Home Sweet Home 41


 どうにかこうにか様々な折り合いをつけながらの生活は、滑り出しの障害や気まずさの中でも、なんとか動き始めた。
 どうせ短期間のことだしという前向きな考えと、基本的な生活方針さえ決まった後は波も島に対してなにも口出ししないのが理由だろう。島の方も相手は口うるさい世話焼きタイプではないという希望が見えて少し落ち着いたようだ。波はルールさえあれば余計なお節介はしないし基本放置するタイプである。そう気付いてからは、多少寛いだ姿を見せるようになった。
 それにしても島は試験準備や論文などで部屋に篭っていることが多く、たまに出てきても食事や風呂、トイレなど必要にかられてのことが多い。そんな島の無機質な生活の中で波が唯一おかしみを見つけ出したのは、おやつの時間である。

 それは、年末で煙たがられがちのなか大家とアパートを行き来する波が戻ってくると、いつの間に買ったのかわからない美味しいケーキや焼き菓子が用意してあることだった。チョコレート菓子で有名な店の薫り高いコーヒーと立派なケーキだなんだを波の分として置いておいてくれるわけだ。

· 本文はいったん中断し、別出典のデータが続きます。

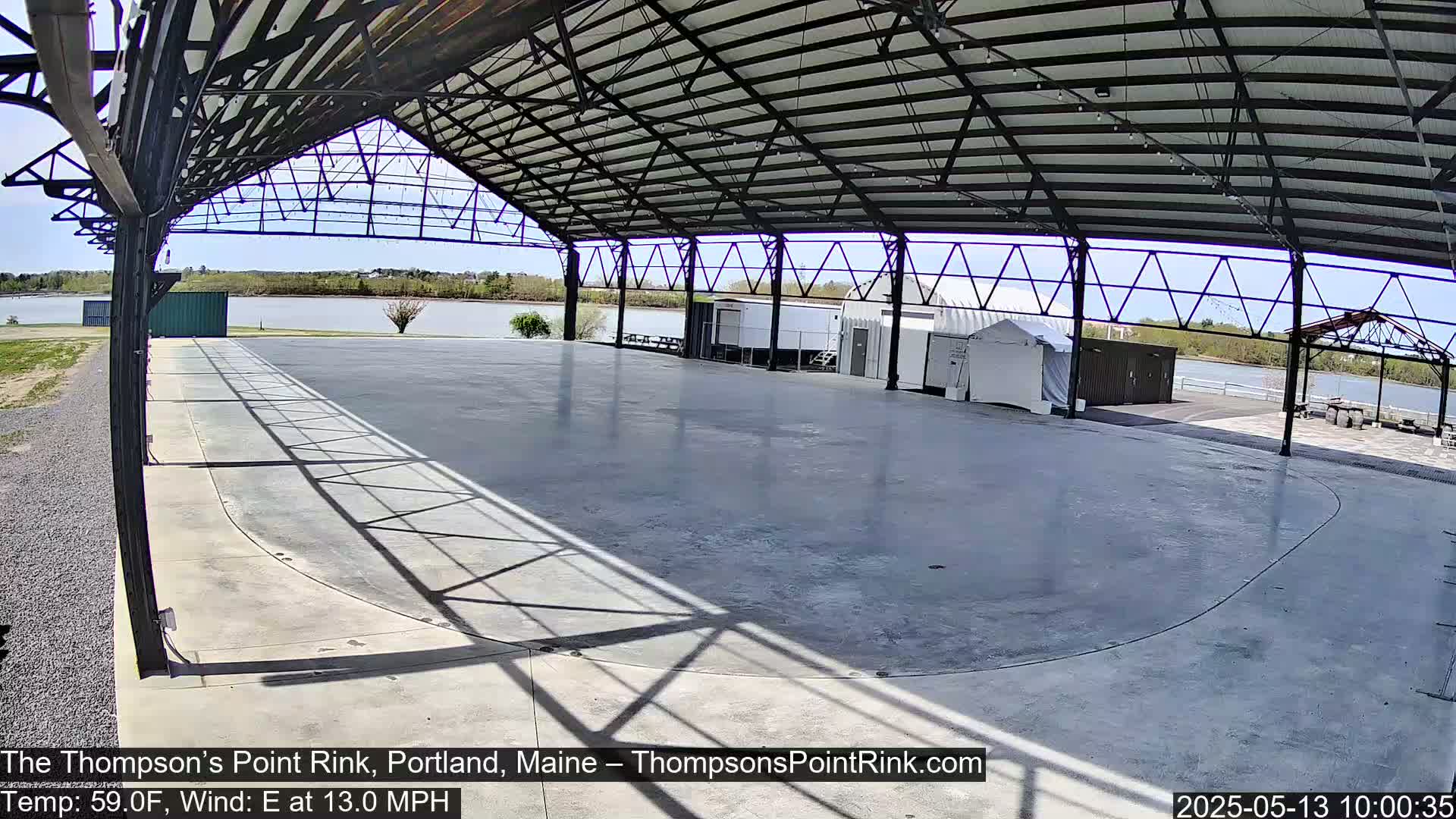 A large, empty, paved rink is enclosed by a metal-framed structure overlooking a calm body of water under a sunny sky.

 始め手をつけないでおいたら、稀に天岩戸を開けて出てくる島に食べないんですかと問われて、初めて波の分だと知った。
 そんなにお気遣い頂かなくともと遠慮すれば、
「甘いもの、必要そうだったから」
という微妙な回答が戻ってきた。
 なにか。あたしは血糖値不足のストレス女ってことかい。
 少々しらっとするも、島がじっと見てるので大人しく頂いた。どうも島は、食べ物で解決を図ろうとする癖があるように感じられた。身なりはきちんとしているが部屋に篭もっていることの多い島のことだから、きっとコンシェルジュかなんかにあの馬鹿馬鹿しい鍋のように注文しているに違いない。島が甘党には見えないし、いつも波の分しか用意がない。そしてコンシェルジュはその名にあやまたなかった、菓子はどれもこれも素晴らしく美味しいので確かに気分がほぐれてる。ま、頼んでくれるのは先生だから先生に感謝するか。そう思って島を見ると、いつの間にかリビング横の書斎で雑誌を広げてる。それが波の観察を誤魔化してる姿だと気付いたのは、それが連日なせいだった。
 どうして急にこんなサービス満点になったのかしら。
 気遣うなと言う割には先生の方が気遣っている。しかも、雑誌を読むフリをして、こっちが食べてる様子を観察する必要がどこにある。
 色々ツッコミどころ満載だが、聞けば島は逃げてしまうだろう。そういう人間だとうすうすわかった。だから波はなにも言わないでいるしかできない。
(あ〜でも、これも高いのかなあ…)
 クリスマスに食べ逃した1200円のケーキ同様、きっと高級で波なんかが知らない高級菓子メーカーなのだろう。
 このコーヒーも、この間店でチラと見たら、普通の倍の値段はしていた。インスタントからしたら数倍のお値段だ。だが香りがとってもよくて、わからないなりに美味しいとはわかる。